Kendi içerisinde eski ve yeni diye adlandırılan kaşar peynirlerinibirbirinden ayıran, istenilen tat düzeyine ulaşabilmesi için katlanılan bekleme süresidir. Kaşar peyniri, çoğunlukla çayırlarda serbestçe gezen küçükbaş hayvanların sütleri kullanılarak yapılması muteber olan bir peynir çeşididir. Ki küçükbaş hayvanların sütlerinin daha faydalı olduğu bilimsel olarak da ispatlanmıştır. Ancak bu, günümüz koşullarında pek mümkün olmamakta ve işletmelerin büyük çoğunluğu, maliyet ve üretimde uygunluk açısından daha kolay olan inek sütünü kullanmaktadır.

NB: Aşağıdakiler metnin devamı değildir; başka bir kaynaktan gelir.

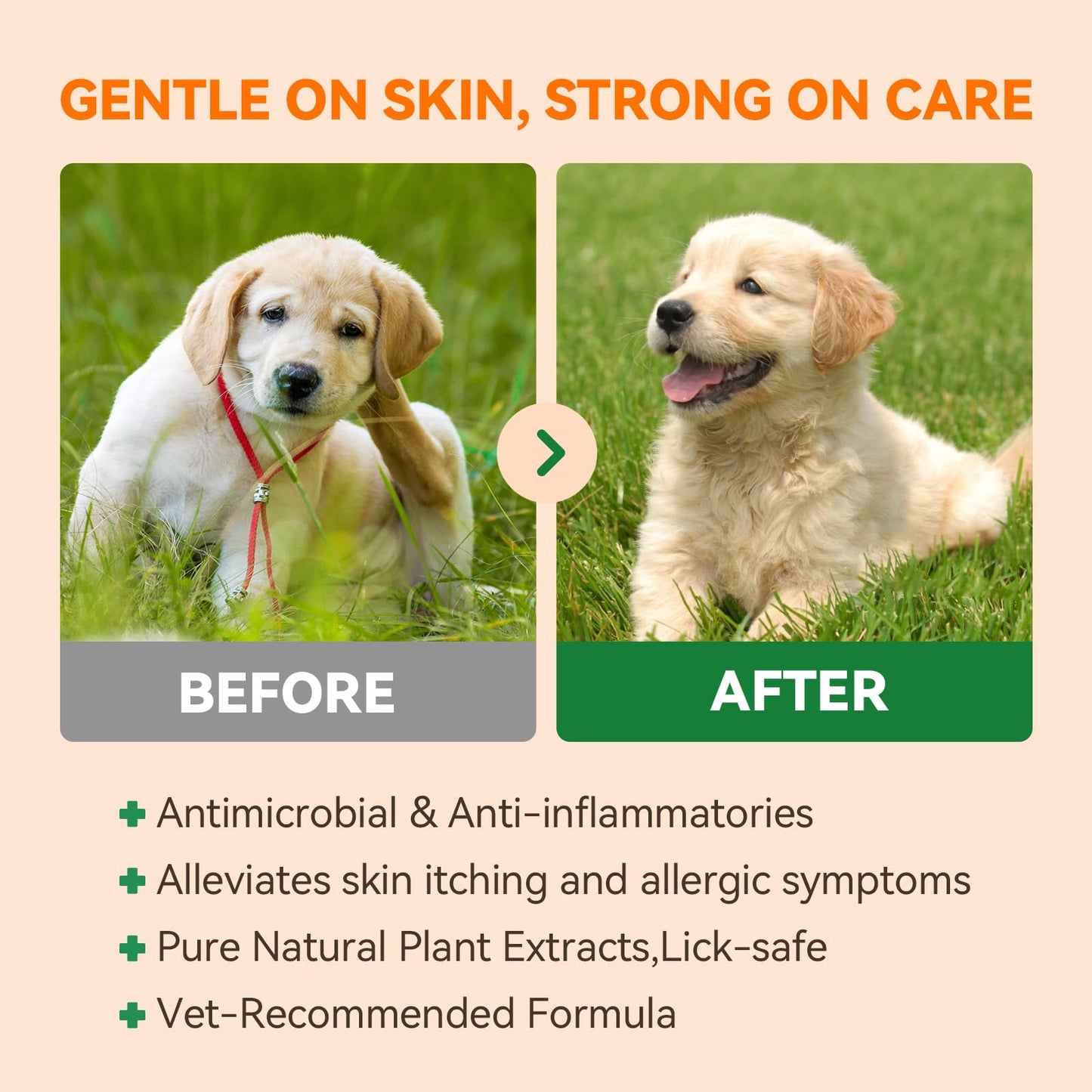 PUAINTA Hot Spot Treatment for Dogs, Pure Natural Dog Itch Skin & Allergy Relief Spray, Hot Spot Spray for Dogs Cats - Helps Alleviate Sensitive Skin, Licking Paws, 4oz
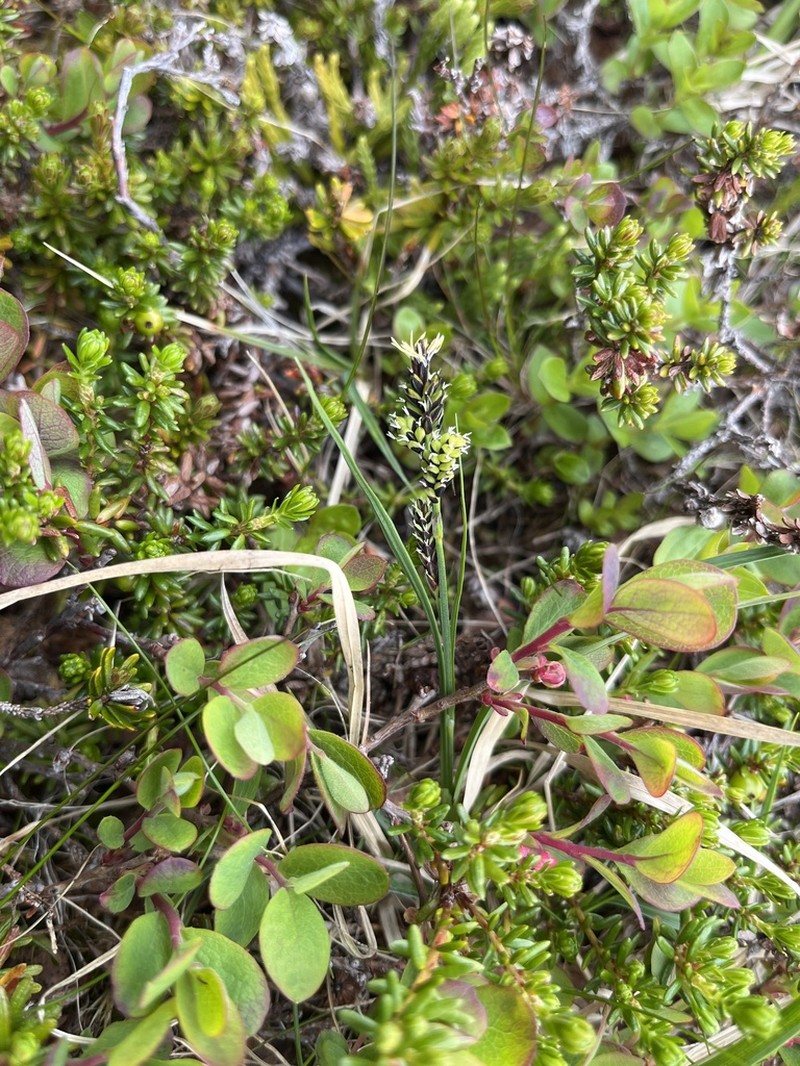 Variegated Sedge photo 5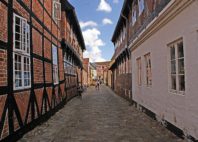 Ribe 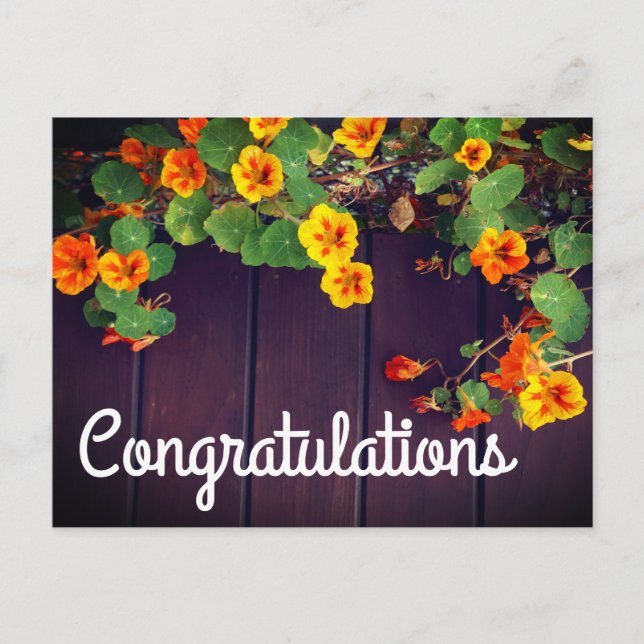 Congratulations Nasturtium Postcard (Front)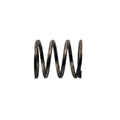 TAYLOR DUNN SPRING - STEER GEAR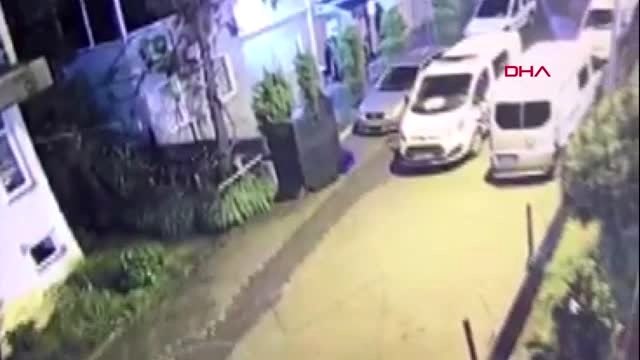 Artvin'de polis ekipleri şehre inen ayıyı kovaladı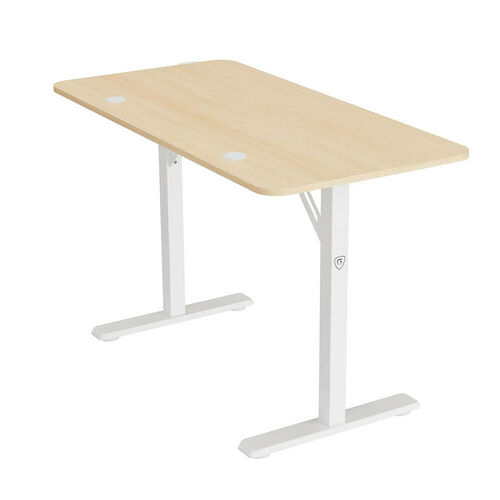 REKT R-Desk 120 - Wood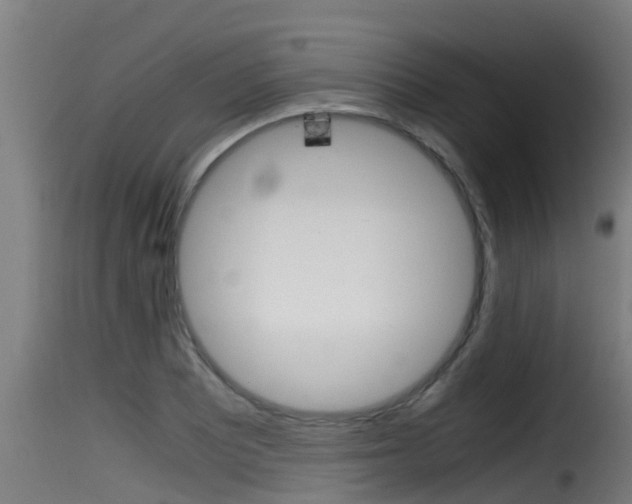 X0000116101081200911230927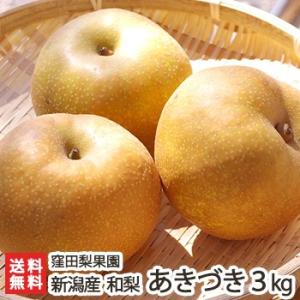 新潟産 窪田梨果園の日本梨 あきづき 3kg（6〜8玉）/ギフトにも！/のし無料/送料無料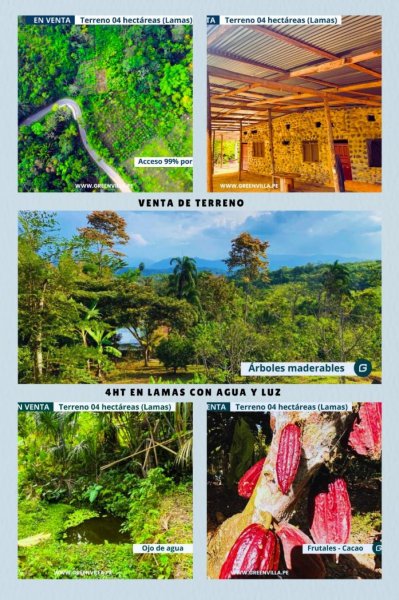 Terreno en Venta en LAMAS Tarapoto, San Martin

Bu durumda peynirin eski zamanlardaki lezzetinin aranır olmasına sebep olmuştur. Tat olarak farklı olsalar da kaşar peynirinin her iki türü de besleyicilik konusunda diğer peynirlerin üstünde kendine yer bulur. Taze kaşar özellikle detaylı işlemlere maruz kalmadan tüketiciye ulaşır. Ancak eski kaşar için , peynirin nemden arınması ve yüzeysel küf tutması amacıyla belirli bir süre beklenilmesi gerekmektedir. Hatta elle ve doğal üretim yöntemlerini kullanan bazı bölgelerimizde, peynirin kurutulması için ''poyraz rüzgarının'' beklendiği bilinmektedir. Bu sebeple üretimin ancak dört beş ay süre ile yapılabileceği sonucu doğmaktadır. Sonuç olarak kaşar peyniri, zahmetli yapım süreci ve buna değen lezzetiyle tercih edilmesi gereken, kaliteli bir peynirdir.